The Einstein article was written by Emeritus Professor David Blair of the Einstein-First Project. Einstein-First seeks to teach relativity and aspects of quantum physics using Lycra and Nerf guns. Why? Well, partly this is justified because ‘activity-based learning’ is fun (I discuss the idea of activity-based learning here). I do not doubt for a second that primary school children enjoy firing Nerf guns, although I would be interested to see the evidence that this leads to a long-term interest in science and a better understanding of the subject.

For many educational projects inspired by romantic notions of childhood, this would be enough. However, Blair adds another component to his argument. We must start with Einstein because, ‘Newtonian physics is wrong’. Blair is not alone in having received such a divine revelation. The internet is awash with clickbaity articles leading with the idea that Newton was wrong. Shock! Horror! WE WERE LIED TO AT SCHOOL!

But before we get carried away, let’s back up a minute.

Science is the process of formulating hypotheses, usually based upon mathematical or analogical models, and then testing these hypotheses against reality, either by conducting controlled experiments or, where that’s not possible, analysing observational data. The hypotheses involved have to be falsifiable - this means that we need to be able to make predictions that could conceivably be proved wrong by some set of data. A good model is one that makes accurate predictions. And yet, fundamentally, no model is ever proved right because there is always the possibility of some future observation that may conflict with the model.

The current state of play is that we have two sets of models - quantum physics and general relativity - that make accurate predictions about different areas of physics but that conflict with each other at a fundamental level. This is fine if we view them as models that approximate reality. The issue arises when we confuse them with reality itself. Which one is right and which is wrong, we ask? It is still an open question as to whether we will ever develop one consistent, full description of physics with no internal contradictions.

I frequently encounter the confusion between a scientific model and the reality it is meant to be modelling when attempting to discuss models of the human mind - such as that the mind consists of a limited working memory and an effectively limitless long-term memory. Everyone working with such a model knows it is a simplification. It stands and falls on whether it makes accurate predictions about features of human cognition to which the model is applied, such as how we learn.
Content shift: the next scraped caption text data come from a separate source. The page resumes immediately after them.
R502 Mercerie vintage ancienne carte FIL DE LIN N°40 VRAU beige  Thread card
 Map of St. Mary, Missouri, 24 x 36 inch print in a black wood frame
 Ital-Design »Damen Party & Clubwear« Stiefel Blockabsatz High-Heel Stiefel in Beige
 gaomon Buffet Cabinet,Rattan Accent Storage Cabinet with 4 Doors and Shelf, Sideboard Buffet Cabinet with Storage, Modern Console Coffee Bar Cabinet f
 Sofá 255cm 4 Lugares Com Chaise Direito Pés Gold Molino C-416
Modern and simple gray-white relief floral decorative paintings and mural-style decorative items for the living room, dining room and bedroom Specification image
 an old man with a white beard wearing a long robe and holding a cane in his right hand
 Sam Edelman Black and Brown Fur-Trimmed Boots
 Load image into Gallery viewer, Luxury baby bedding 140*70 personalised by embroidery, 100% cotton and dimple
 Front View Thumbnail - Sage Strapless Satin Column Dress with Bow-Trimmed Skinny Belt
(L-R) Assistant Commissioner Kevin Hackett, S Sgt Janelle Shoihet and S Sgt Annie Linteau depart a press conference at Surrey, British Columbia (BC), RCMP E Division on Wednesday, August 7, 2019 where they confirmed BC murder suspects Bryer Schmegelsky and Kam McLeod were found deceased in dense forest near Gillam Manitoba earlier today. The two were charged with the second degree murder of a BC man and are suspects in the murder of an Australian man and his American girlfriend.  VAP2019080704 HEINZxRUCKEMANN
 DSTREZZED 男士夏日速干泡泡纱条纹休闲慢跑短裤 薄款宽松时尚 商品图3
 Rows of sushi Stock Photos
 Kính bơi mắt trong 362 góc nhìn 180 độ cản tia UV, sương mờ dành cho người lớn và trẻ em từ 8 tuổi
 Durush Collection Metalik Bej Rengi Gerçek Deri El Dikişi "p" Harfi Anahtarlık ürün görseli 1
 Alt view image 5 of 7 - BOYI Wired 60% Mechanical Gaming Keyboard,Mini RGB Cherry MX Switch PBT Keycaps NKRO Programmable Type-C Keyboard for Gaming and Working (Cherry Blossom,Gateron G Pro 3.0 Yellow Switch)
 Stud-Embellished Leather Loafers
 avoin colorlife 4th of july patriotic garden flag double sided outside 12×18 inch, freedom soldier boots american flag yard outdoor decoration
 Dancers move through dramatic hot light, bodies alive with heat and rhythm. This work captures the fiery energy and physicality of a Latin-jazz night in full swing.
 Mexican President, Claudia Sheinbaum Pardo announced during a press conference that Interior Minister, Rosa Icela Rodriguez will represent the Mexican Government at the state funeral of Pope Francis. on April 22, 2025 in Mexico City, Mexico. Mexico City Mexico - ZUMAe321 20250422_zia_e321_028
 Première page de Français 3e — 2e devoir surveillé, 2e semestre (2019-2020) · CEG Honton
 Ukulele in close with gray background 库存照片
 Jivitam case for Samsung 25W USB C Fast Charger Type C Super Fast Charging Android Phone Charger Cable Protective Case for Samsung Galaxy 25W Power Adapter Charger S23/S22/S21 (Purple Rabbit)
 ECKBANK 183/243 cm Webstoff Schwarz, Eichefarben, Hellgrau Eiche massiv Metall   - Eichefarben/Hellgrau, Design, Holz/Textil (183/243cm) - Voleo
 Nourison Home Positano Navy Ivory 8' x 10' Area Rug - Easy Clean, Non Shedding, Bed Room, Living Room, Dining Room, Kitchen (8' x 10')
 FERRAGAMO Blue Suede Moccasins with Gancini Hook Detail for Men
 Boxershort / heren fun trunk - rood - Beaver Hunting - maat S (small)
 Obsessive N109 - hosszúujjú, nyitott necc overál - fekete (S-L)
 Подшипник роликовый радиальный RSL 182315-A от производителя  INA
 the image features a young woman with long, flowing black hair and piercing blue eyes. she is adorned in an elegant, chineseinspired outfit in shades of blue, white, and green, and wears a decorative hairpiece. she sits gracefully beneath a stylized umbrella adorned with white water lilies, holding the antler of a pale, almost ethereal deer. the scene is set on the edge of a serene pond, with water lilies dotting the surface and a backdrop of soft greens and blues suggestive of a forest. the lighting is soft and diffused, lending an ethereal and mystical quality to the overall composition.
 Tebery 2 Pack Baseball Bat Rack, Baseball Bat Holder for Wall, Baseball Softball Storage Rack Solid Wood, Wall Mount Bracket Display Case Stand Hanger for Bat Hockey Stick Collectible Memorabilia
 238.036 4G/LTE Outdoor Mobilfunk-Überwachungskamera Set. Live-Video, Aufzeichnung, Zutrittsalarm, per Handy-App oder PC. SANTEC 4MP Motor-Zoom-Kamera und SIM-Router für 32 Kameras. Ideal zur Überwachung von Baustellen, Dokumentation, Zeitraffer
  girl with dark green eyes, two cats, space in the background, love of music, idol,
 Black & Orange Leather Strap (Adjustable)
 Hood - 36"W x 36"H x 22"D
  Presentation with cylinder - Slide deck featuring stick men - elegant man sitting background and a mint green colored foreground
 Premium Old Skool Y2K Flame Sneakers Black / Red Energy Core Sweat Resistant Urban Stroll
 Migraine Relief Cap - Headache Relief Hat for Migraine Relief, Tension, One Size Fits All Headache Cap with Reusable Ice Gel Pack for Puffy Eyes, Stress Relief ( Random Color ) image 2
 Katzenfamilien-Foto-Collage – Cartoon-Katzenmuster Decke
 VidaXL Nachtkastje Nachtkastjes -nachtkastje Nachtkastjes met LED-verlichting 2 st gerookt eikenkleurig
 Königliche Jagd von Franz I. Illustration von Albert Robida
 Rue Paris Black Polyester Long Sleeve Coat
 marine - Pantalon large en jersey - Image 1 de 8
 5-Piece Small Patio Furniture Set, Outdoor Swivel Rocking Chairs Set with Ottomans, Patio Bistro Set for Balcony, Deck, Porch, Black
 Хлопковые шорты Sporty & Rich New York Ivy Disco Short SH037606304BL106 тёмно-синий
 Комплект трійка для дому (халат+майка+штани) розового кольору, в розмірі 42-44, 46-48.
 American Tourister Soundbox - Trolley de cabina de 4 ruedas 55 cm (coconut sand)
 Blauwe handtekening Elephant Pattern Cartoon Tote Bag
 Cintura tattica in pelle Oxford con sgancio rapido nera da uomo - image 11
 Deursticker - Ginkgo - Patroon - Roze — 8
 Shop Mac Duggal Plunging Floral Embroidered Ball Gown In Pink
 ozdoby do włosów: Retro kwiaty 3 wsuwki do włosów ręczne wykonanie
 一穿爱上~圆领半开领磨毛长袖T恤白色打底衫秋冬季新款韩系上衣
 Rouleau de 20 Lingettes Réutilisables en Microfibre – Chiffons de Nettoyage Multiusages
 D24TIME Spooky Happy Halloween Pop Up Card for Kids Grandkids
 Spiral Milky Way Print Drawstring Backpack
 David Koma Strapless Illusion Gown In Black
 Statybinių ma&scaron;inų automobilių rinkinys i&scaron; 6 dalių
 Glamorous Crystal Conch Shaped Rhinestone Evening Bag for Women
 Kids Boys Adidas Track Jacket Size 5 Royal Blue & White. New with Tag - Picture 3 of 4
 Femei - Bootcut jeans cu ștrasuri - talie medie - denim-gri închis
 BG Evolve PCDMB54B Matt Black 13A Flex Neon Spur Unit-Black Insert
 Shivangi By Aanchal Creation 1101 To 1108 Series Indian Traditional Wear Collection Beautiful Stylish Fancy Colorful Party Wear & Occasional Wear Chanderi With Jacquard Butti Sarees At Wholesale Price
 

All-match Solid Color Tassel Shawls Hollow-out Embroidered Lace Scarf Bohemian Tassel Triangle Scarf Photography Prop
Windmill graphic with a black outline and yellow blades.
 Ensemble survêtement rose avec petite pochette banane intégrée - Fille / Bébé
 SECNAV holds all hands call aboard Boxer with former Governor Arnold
That is all that matters. And yet there are those who argue such models neglect sensory memory or cannot explain where working memory is located in the brain, neither of which is actually relevant to the value of the model. They think they are adding nuance to the discussion, whereas they are actually signaling a fundamental misunderstanding.

Was Newton wrong? Trivially, yes he was wrong in some circumstances. His theory of gravity could not, for instance, account for the perihelion of mercury. If you don’t know what a perihelion is, it doesn’t particularly matter, but it is worth noting that Newton’s laws predict a perihelion, it’s just that Newton’s prediction is a bit off. There is a peculiar pedantry about pronouncing Newton’s incorrectness on this basis. Newton devised the most complete model of motion ever constructed up until that point. Not only that, he subsumed planetary and terrestrial motion under one unifying model. And his model works extremely well. If you are an engineer, then unless you are working at the extreme technological fringe, Newton’s principles work really well. And I mean, *really* well. In contrast, you don’t want to be messing about with Einstein’s genuinely quite scary equations of general relativity when designing a forklift truck.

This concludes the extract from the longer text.